What can you do with COMPUTE in SPSS

Note what you can do with Mean.# and Sum.# to tackle missing values. And also take note of LAG which takes up the value of the preceding case.

COMPUTE y=ABS(x). absolute value of x. ABS(!7) =7.
COMPUTE y=SQRT(x). square root
COMPUTE y=LN(x). natural logarithm
COMPUTE y=LG10(x). base 10 logarithm
COMPUTE y=EXP(x). exponential: ex
COMPUTE y=TRUNC(x). integer part. TRUNC(5.7)=5.
COMPUTE y=RND(x). round to nearest integer. RND(5.7)=6
COMPUTE y=MOD(x,11). remainder after division by 11
COMPUTE y=SUM(x1,x2,x3). sum of 3 variables if at least one is non-missing
COMPUTE y=SUM.5(x1 TO x10). sum of 10 variables if at least 5 are non-missing.
COMPUTE y=MEAN.2(x1,x2,x3). mean of 3 variables if at least 2 are non-missing
COMPUTE y=LAG(x). x from previous case
COMPUTE y=$SYSMIS. sets Y to sysmis.

Source: SPSS for Windows 8, 9 and 10 by Svend Juul

Dropping missing values in SPSS

(This needs some more thought and cleaning up)

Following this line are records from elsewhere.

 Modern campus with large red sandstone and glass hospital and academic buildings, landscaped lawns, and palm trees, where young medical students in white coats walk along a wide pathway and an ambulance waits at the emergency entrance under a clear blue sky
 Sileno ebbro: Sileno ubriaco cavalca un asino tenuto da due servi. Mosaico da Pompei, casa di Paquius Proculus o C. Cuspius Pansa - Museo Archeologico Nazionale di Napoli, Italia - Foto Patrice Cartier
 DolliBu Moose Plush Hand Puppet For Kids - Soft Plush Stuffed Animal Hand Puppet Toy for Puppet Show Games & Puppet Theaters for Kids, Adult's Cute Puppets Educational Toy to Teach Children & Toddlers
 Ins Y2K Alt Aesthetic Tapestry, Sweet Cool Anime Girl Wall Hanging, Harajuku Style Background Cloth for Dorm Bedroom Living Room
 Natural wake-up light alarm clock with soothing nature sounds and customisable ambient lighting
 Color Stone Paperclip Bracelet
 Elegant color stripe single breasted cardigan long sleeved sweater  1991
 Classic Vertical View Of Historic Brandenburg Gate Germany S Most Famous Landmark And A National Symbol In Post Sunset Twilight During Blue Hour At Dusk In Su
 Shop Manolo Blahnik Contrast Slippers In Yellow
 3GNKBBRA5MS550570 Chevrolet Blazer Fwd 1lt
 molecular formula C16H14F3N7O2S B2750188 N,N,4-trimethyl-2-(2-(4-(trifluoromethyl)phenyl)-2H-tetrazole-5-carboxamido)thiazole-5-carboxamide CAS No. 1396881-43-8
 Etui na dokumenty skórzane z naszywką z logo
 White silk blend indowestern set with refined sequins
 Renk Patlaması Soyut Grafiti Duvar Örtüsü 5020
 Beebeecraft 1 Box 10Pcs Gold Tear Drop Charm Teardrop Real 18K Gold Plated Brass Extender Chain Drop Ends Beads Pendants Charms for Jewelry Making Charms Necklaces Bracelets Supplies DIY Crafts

The SELECT command with the SYSMIS() function can drop all missing cases from the current SPSS data set. Consider the following:

SELECT IF NOT (SYSMIS (amount)). SAVE OUTFILE= 'newfile.sav'.


This example drops all cases whose value of the variable amount is missing, and then saves this data to an SPSS system file called newfile.sav.


If the dataset has more than one coding for missing values, as is often the case for survey data, select all of the different codings for missing values with the AND operator:

SELECT IF NOT (SYSMIS(amount1)) AND NOT (SYSMIS(amount2)). SAVE OUTFILE= 'newfile.sav'.